A key leader of so-called Islamic State (IS) in Iraq’s Anbar province has been killed in a US-led coalition air strike, the Pentagon says.
Pentagon spokesman Peter Cook said Abu Waheeb and three others died when their vehicle was hit on 6 May near Rutba. “It is dangerous to be an Isil leader in Iraq and Syria nowadays,” Mr Cook added, using an acronym based on the former name of IS.
Abu Waheeb has falsely been declared dead on several previous occasions. The Pentagon described Abu Waheeb, who is also known as Shakir Waheeb, as the IS “military emir for Anbar”.

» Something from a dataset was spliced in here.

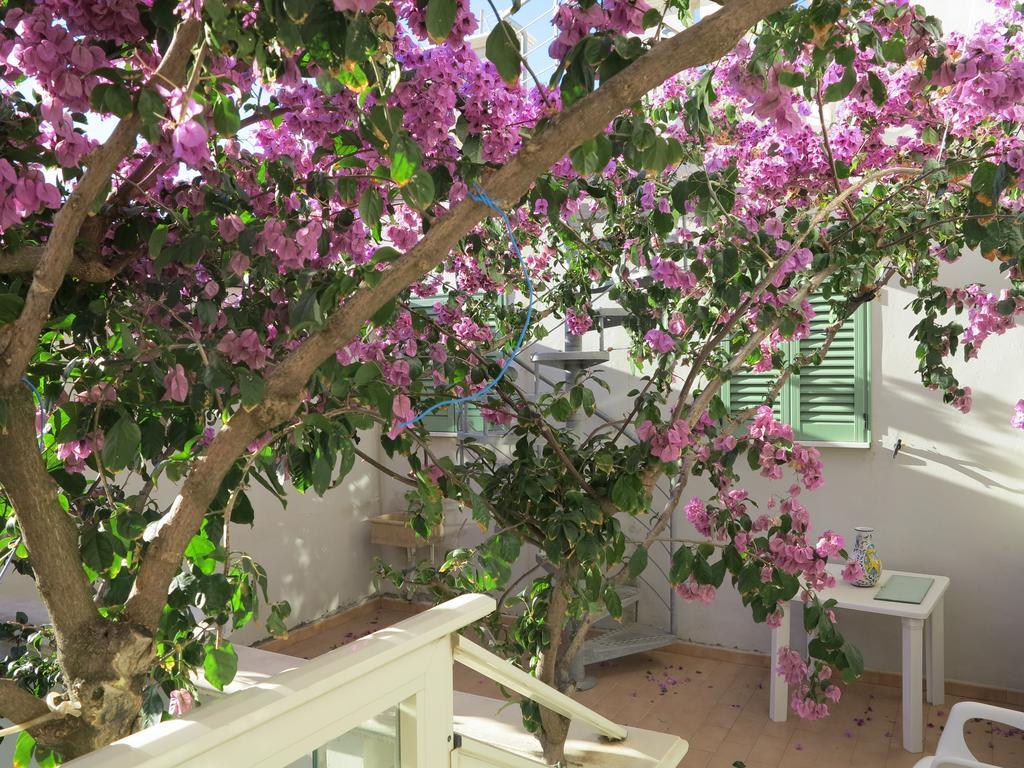 Casamare Hotel San Vincenzo Oda fotoğraf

The jihadist group seized control of much of the predominantly Sunni Arab western province, Iraq’s largest, in 2014.
Born in 1986 and a former computer science student, Abu Waheeb was often described on monitoring sites as a rising star among IS. A former member of al-Qaeda in Iraq, a precursor of IS, he was arrested by US forces in Iraq in 2006 and sentenced to death but escaped from prison in 2012.

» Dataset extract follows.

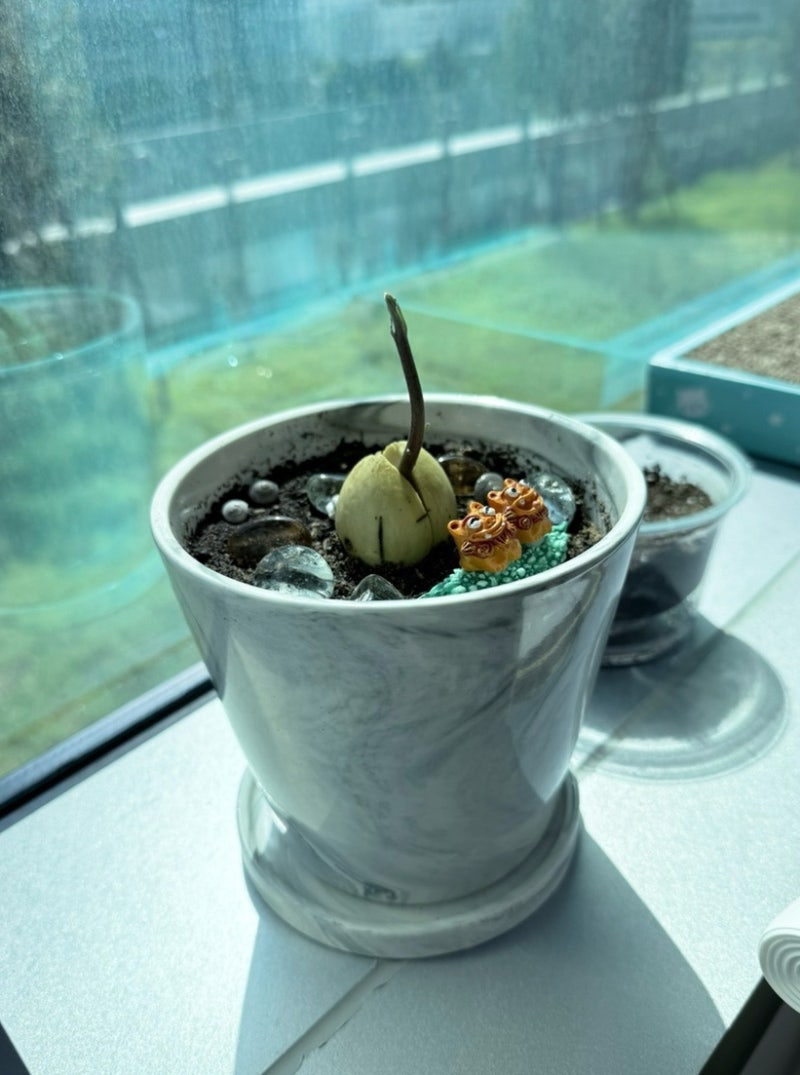 집에서 아보카도 키우기, 아보카도 씨앗 발아 후 화분 흙에 심기 화분에 흙채우기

The following year, he gained notoriety for killing a group of Syrian lorry drivers travelling through Iraq. “We view him as a significant leader in Isil leadership overall, not just in Anbar province,” Mr Cook said. “Removing him from the battlefield will be a significant step forward.”

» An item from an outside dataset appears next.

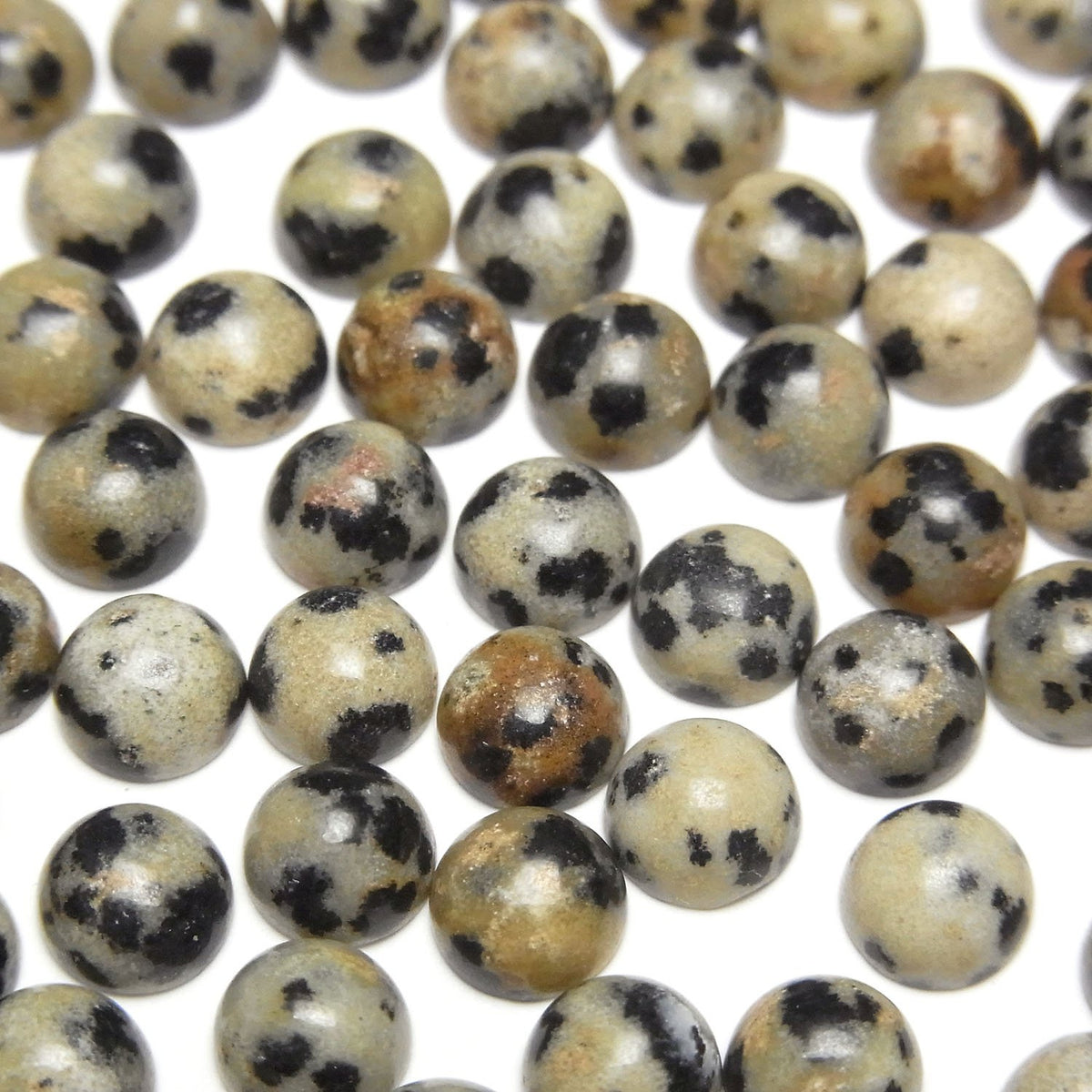 Dalmatiner-Jaspis Rund Cabochon 6x6mm 5 Stück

Abu Waheeb is the latest in a series of senior IS leaders reported to have been killed in US air strikes and special forces operations. Other targets include Abdul Rahman Mustafa al-Qaduli, an Iraqi known as Hajji Imam who was the group’s purported second-in-command, and Tarkhan Batirashvili, a Georgian known as Omar al-Shishani who was the “minister of war”. Despite the coalition campaign, IS still controls large swathes of Iraq and neighbouring Syria, where it proclaimed the formation of a “caliphate” in 2014.